After an initial burst of public concern around this issue, though, the Russian public’s engagement in the issue has waned. Back in 2010, the government dropped plans for a presidential palace for then-president Dmitry Medvedev after activists brought public attention to the environmental harms it would have caused. That kind of successful activism would be next to impossible now, because of the Russian government’s ever-tightening grip on the media and civil society, says Suren Gazaryan, a zoologist who led the campaign.
“I believe that [the public’s] environmental consciousness is actually lower in Russia as a result of years of propaganda framing environmental activists as agents of the West, taking orders from outside the country,” says Gazaryan, 39, who today received the Goldman Prize for his grassroots environmental activism. He spoke with Quartz via a translator. “The situation has gotten much worse. The previous success of our campaign on the Medvedev private resort—the local authorities weren’t then inclined to arrest people as much. Now they are more willing.”
That’s not mere speculation. After his work organizing rallies against the illegal seizure of forestland and documenting illegal construction, Gazaryan and a fellow activist were arrested in 2012 on what human rights groups say were trumped-up charges. Gazaryan fled to Estonia, where he was granted political asylum. (He now lives in Germany.)
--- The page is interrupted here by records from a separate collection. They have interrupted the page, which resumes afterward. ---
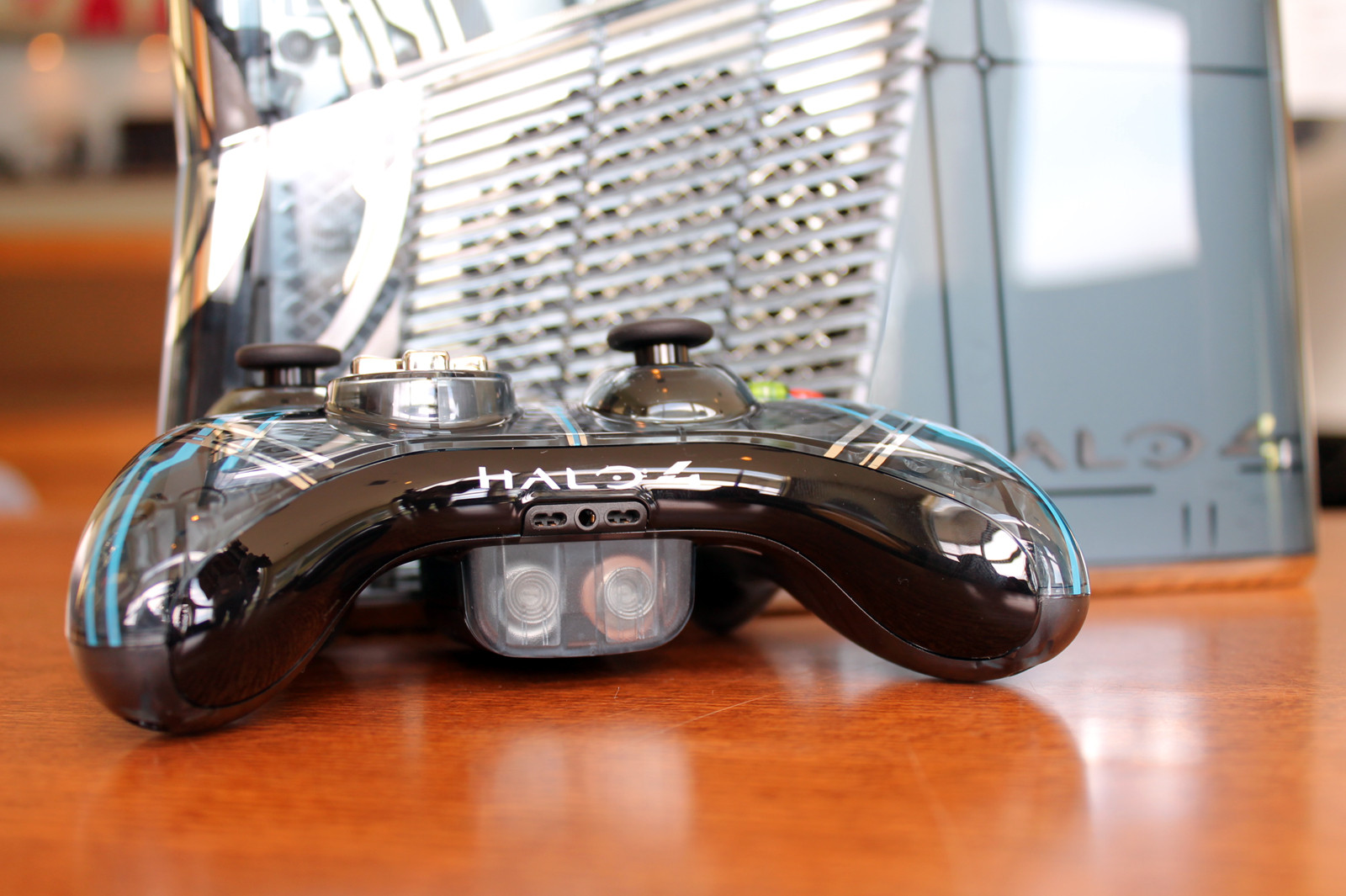 Halo 4 : d'autres visuels du modèle collector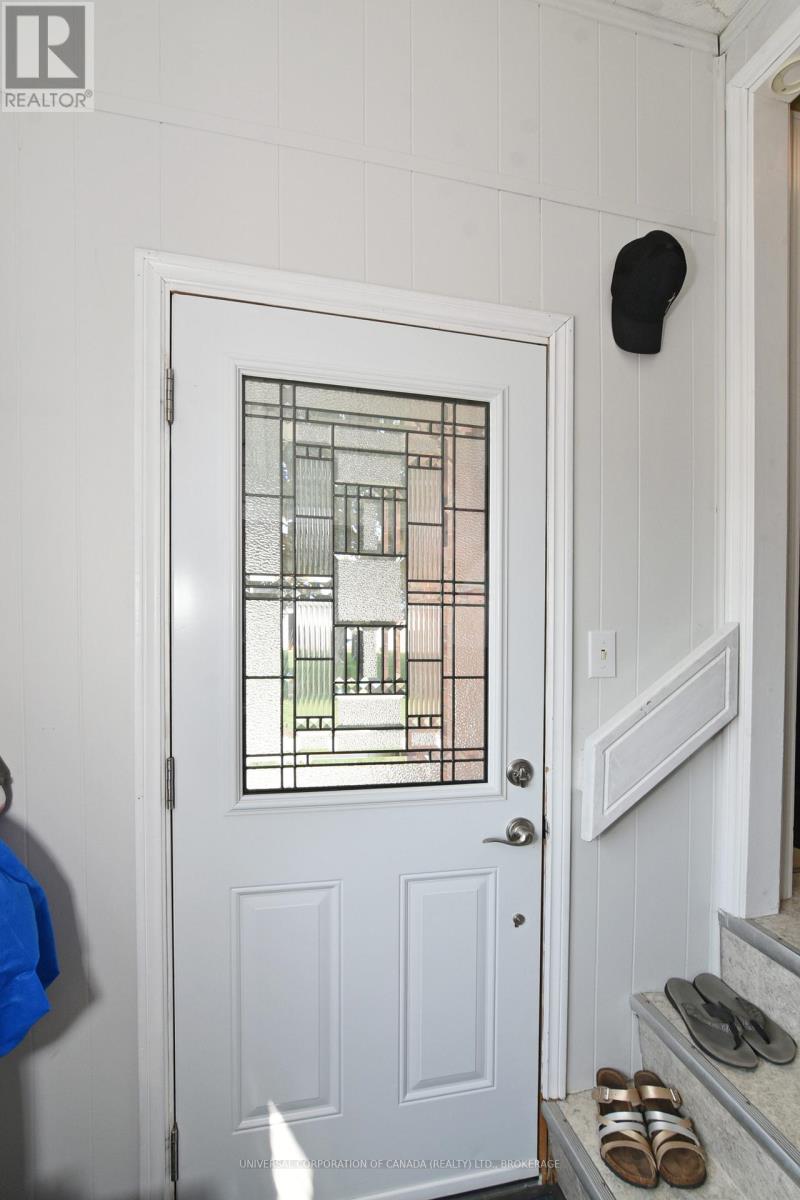 8483 IMPERIAL ROAD S - 19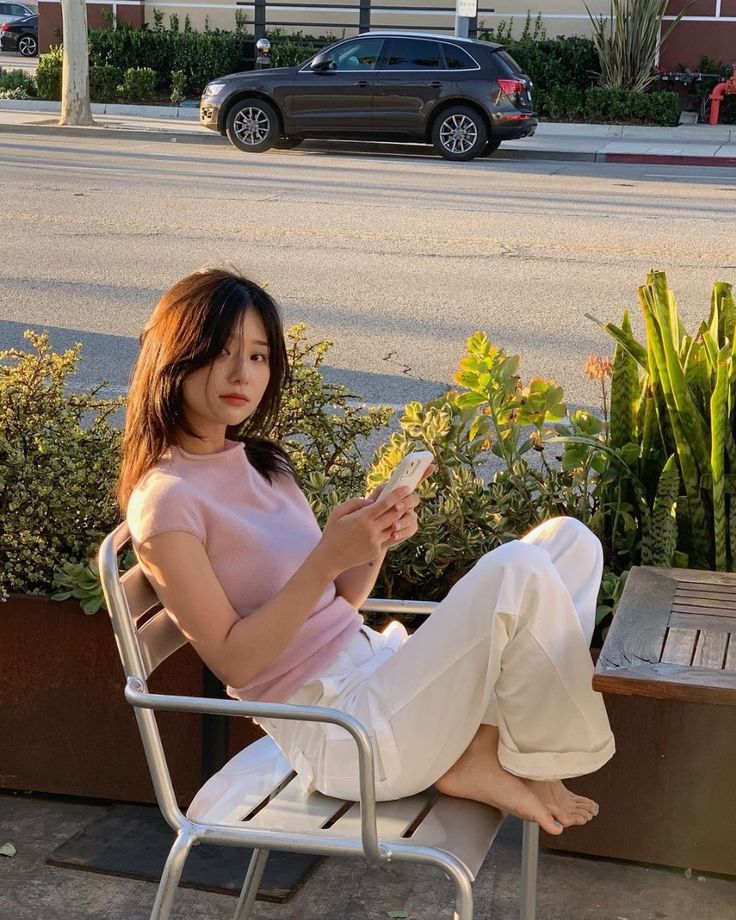 Kiếm tiền quá khó nên phải tự cứu lấy chính mình: Định nghĩa “ngầu đét” thay đổi từ đồ hiệu thành đồ cũ, sống sang thành sống sót- Ảnh 2.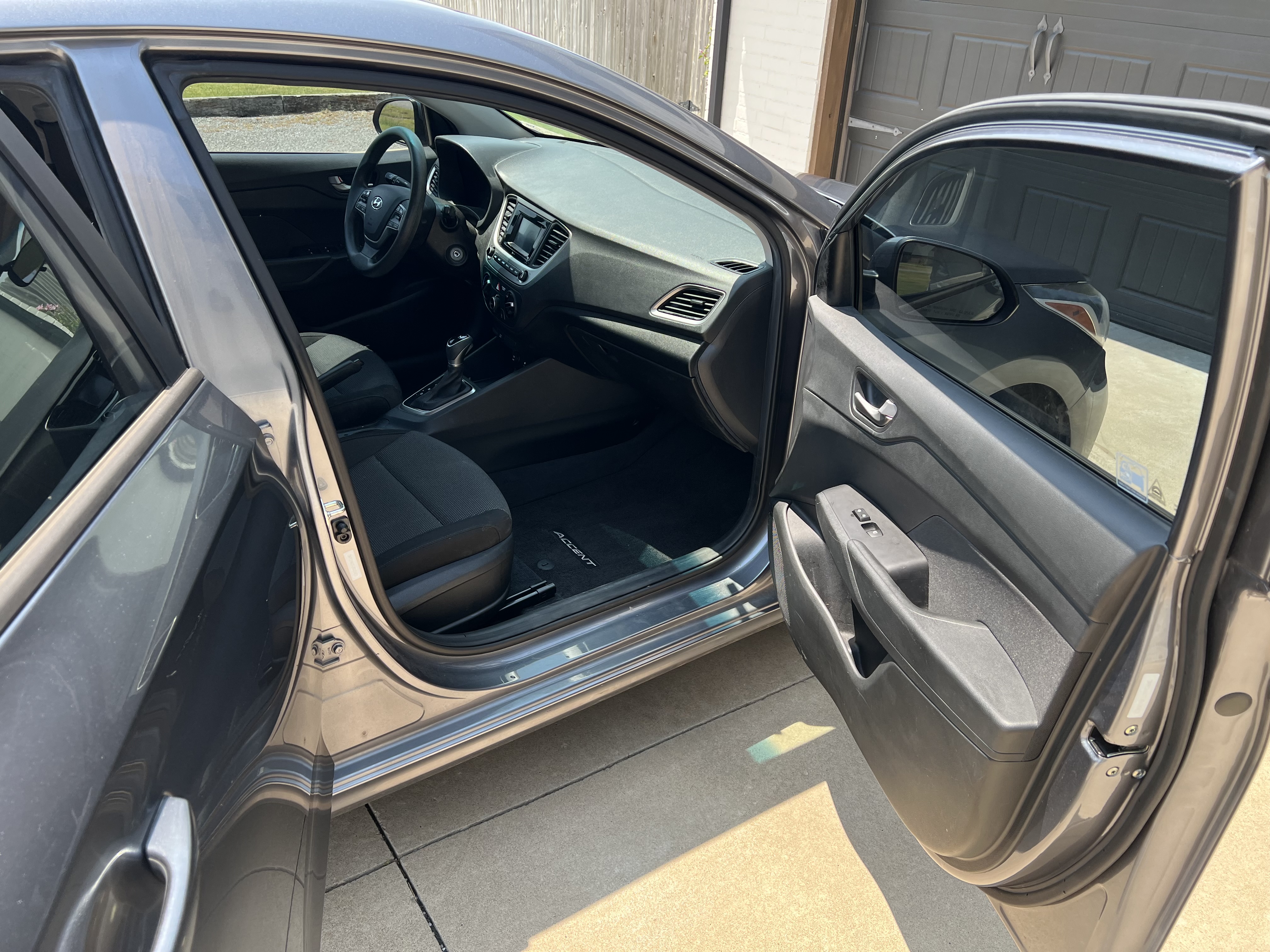 Used 2018 Hyundai Accent SE FWD image 10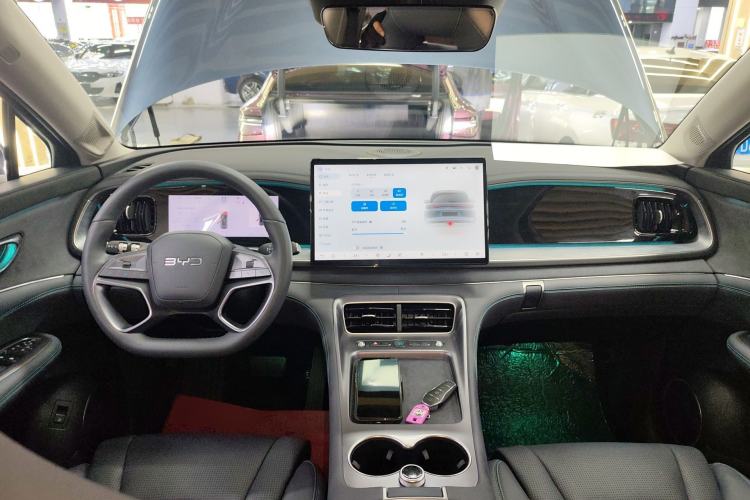 Used BYD Sealion 07 DM-i 2025 150 Flagship+ Edition Center Console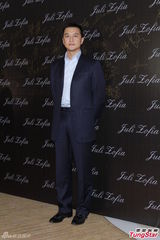 组图：李亚鹏离婚后香港露笑容 刘嘉玲贵妇装扮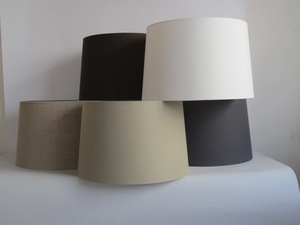 โคมไฟหัวเตียงโรงแรมสีขาวบริสุทธิ์ทันสมัยปรับแต่งได้โครงครอบโคมไฟผนังและโต๊ะพร้อมเฉดสีผ้าสำหรับโรงแรม - Product Image 5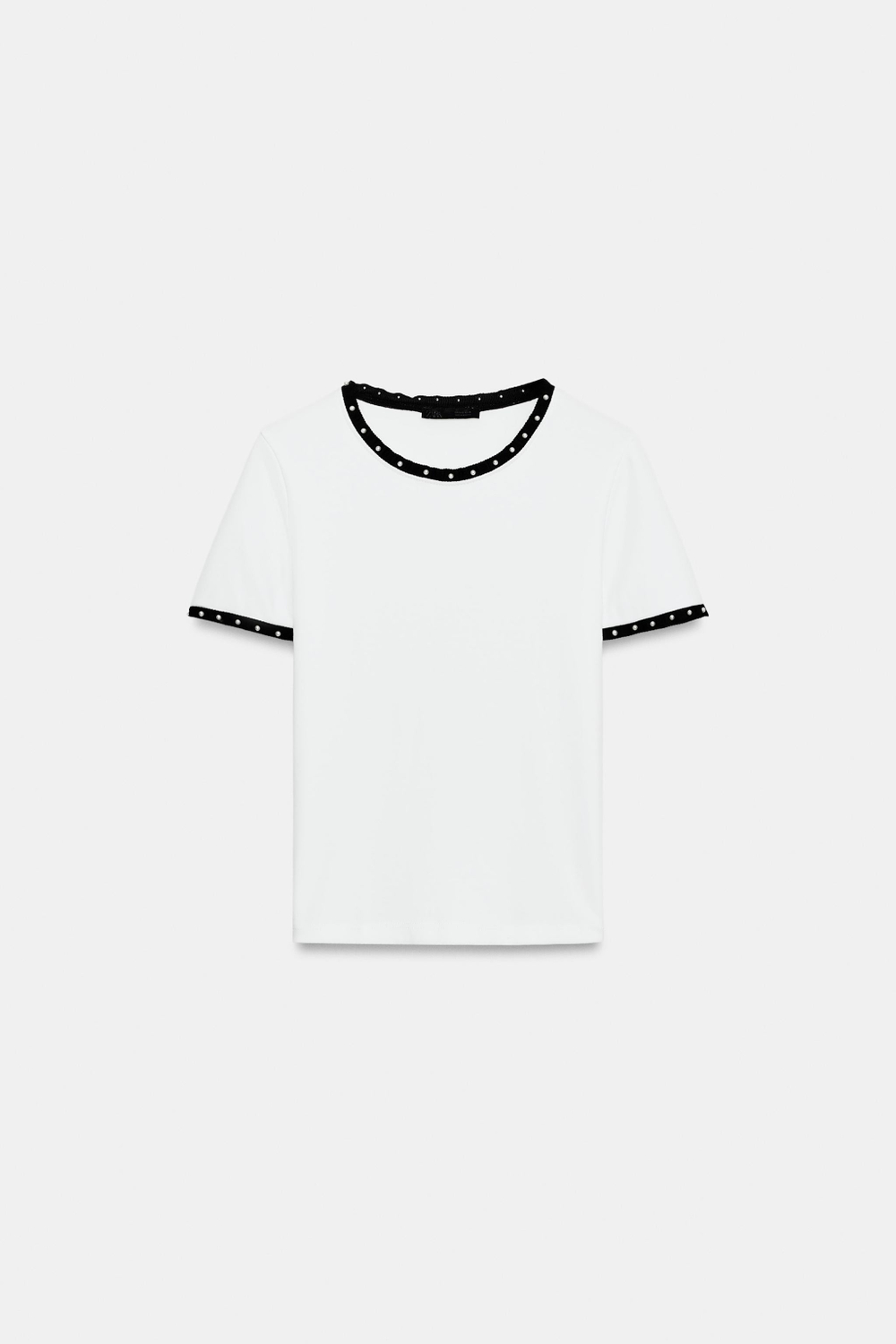 ФУТБОЛКА С КОНТРАСТНЫМИ ЖЕМЧУЖИНАМИ — ZARA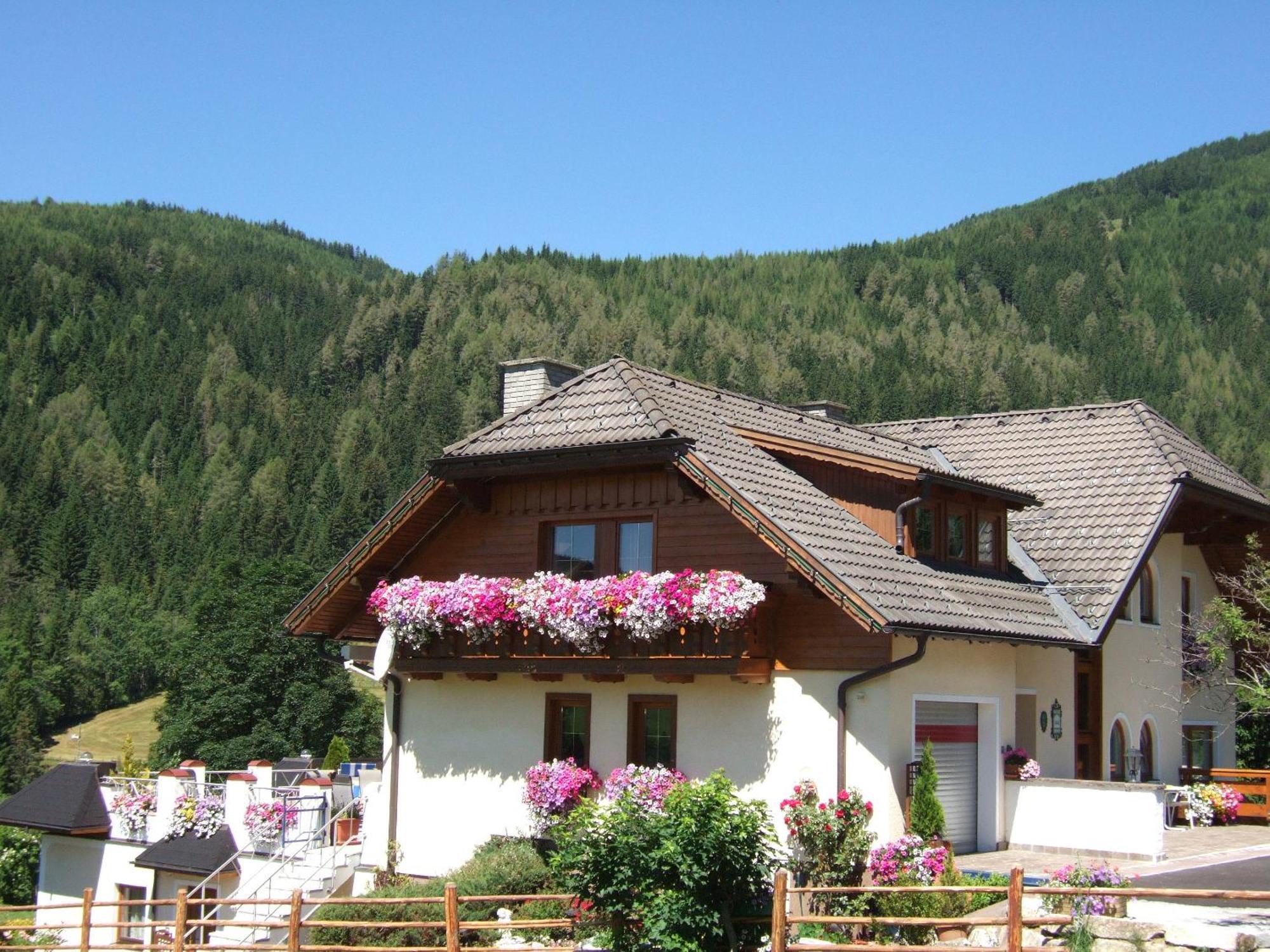 Lungau Apartment - Ferienwohnung Haus Esl Hintergöriach Exterior foto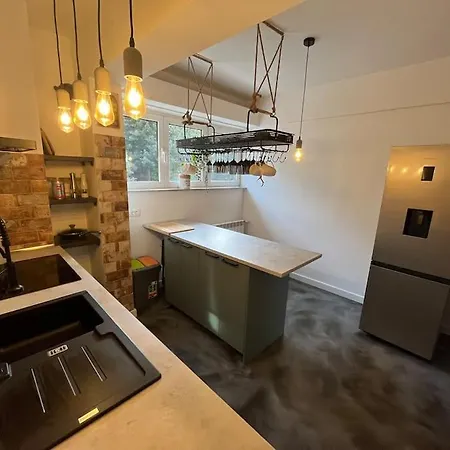 Beautiful Waterfront Apartament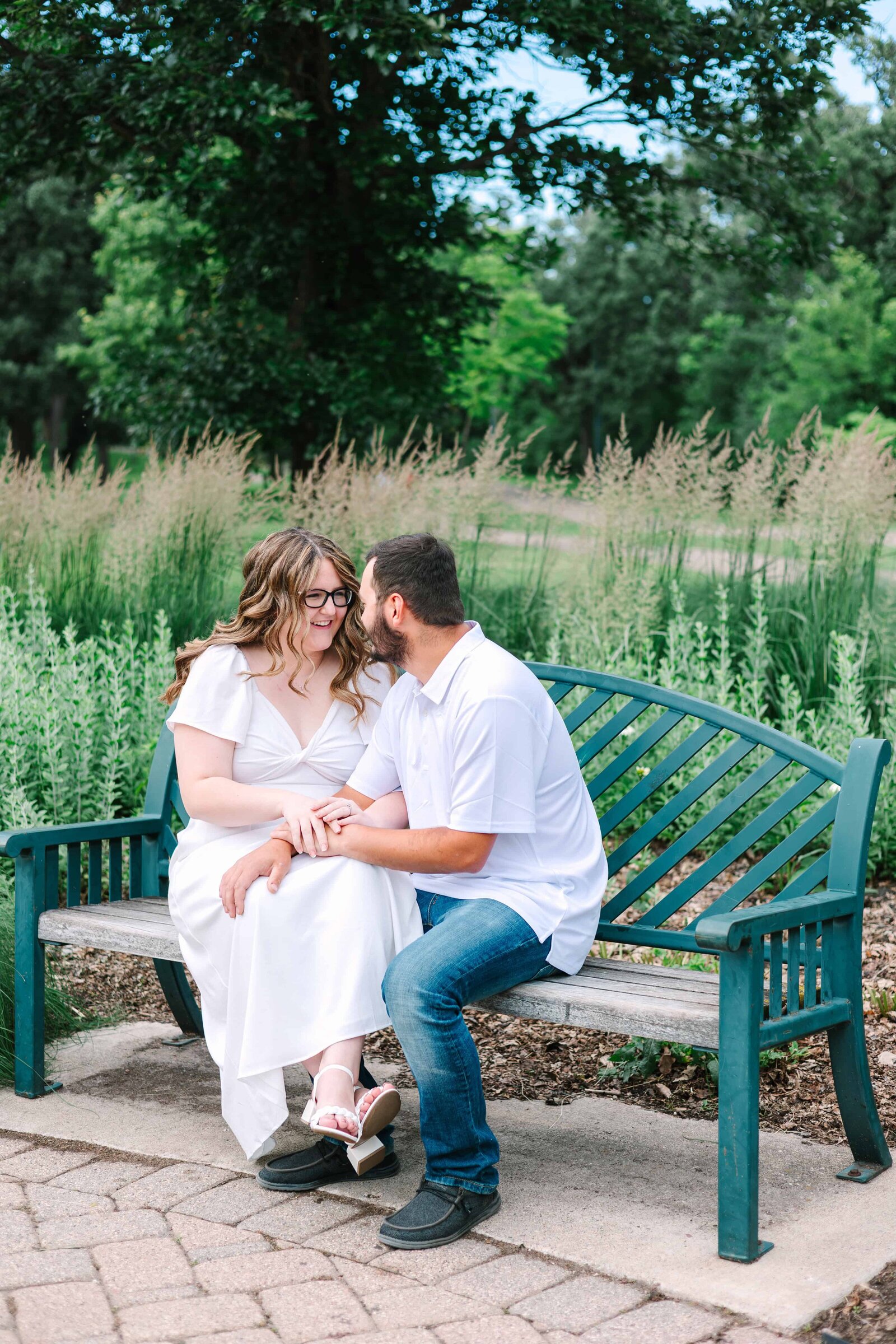 Minnehaha-Falls-Minneapolis-Minnesota-Engagement-Photo-Willow-And-Rove-27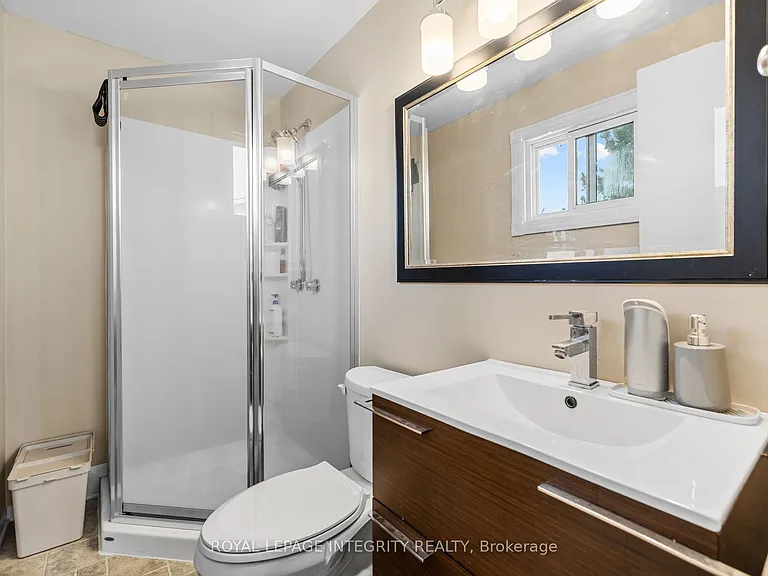1090 Chablis Park — Photo 17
The other activist, a geologist named Evgeny Vitishko, wasn’t so lucky. In February, he began serving three years in a penal colony, after a court reversed the 40-year-old’s suspended sentence following a separate arrest for swearing in public.
That was just before the Sochi Olympic Games, which the International Olympic Committee touted as a watershed moment for Russian environmentalism. “Green building standards have been created for the first time in Russia, and these are expected to be in use nationwide following the games,” an IOC spokeswoman told Al-Jazeera.
But environmentalists and the United Nations documented large-scale destruction of wetlands, river valleys and 2,000 hectares (5,000 acres) of untouched forests, all done legally after the Russian government’s reversal of laws limiting construction in national parks. That reversal opened up Russia’s pristine forests—the habitat of hundreds of endangered species—to the construction of ski resorts and mining operations. And, of course, the vast vacation retreats for top government officials, the majority of which Gazaryan says flout environmental law. They also beggar the imagination.
“These aren’t homes—they’re palaces,” says Gazaryan. The style of these private resorts can offer a glimpse of the officials behind them, Gazaryan says. For instance, Putin supporters prefer a look that is “kind of baroque,” importing architects, materials and workers from Italy in order to emulate “Italian palazzi.”
While the damage these holiday homes are doing to biodiversity is alarming, so too is the damage to Russia’s sputtering environmental consciousness, says Gazaryan. These land grabs have cut off public access to forest and shoreline that had been protected as national parkland. “People are losing a sense of connection to these areas,” he says. “So they no longer feel like it’s their responsibility to protect these lands. It’s no longer a part of their heritage.”